While tuberculosis (TB) is curable and preventable, it remains the single deadliest infectious disease globally, with 1.5 million deaths in 2018. Nearly two-thirds of the 10 million new cases per year occur in Australia’s neighbours in the South-East Asia and Western Pacific regions.
Combating TB presents a major challenge for countries with resource-constrained health systems and high levels of poverty. With TB mostly affecting adults in their most productive years, the disease also undermines economic growth and the welfare of those with the least financial security.
One key problem with TB is the long treatment times: six months for drug-sensitive TB and up to two years for multidrug-resistant TB, treatment for which can require nearly 15,000 pills and injections with severe side effects. The long treatment times also increase the chance of further transmission and drug-resistance if patients do not complete the full treatment course.
With over 450,000 cases per year, WHO regards multidrug-resistant TB as a key health security threat. If left unchecked, multidrug-resistant TB is forecast to cost the global economy $US 16.7 trillion and kill 75 million by 2050.
Research and innovation to develop more effective TB treatments needs to intensify to meet this challenge.
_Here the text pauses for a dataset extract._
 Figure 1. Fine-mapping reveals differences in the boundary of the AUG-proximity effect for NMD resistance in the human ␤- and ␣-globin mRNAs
Together with improved diagnostic tests and patient-centred care, they are a means to accelerate progress towards TB elimination.
How will we address the situation?
By funding the research and development of shorter and more effective TB treatments, including for drug-resistant TB, through Product Development Partnerships (PDPs). PDPs bring together funding agencies, private industry and scientists to develop new drugs, diagnostics and other disease prevention and control technologies for use in poor-country settings where market incentives alone will not drive product development.
Global, with a focus on high-burden TB countries as defined by WHO and with a particular focus on key countries in the Indo-Pacific Region (Papua New Guinea, Indonesia, Philippines, Vietnam, Cambodia, Laos, Myanmar).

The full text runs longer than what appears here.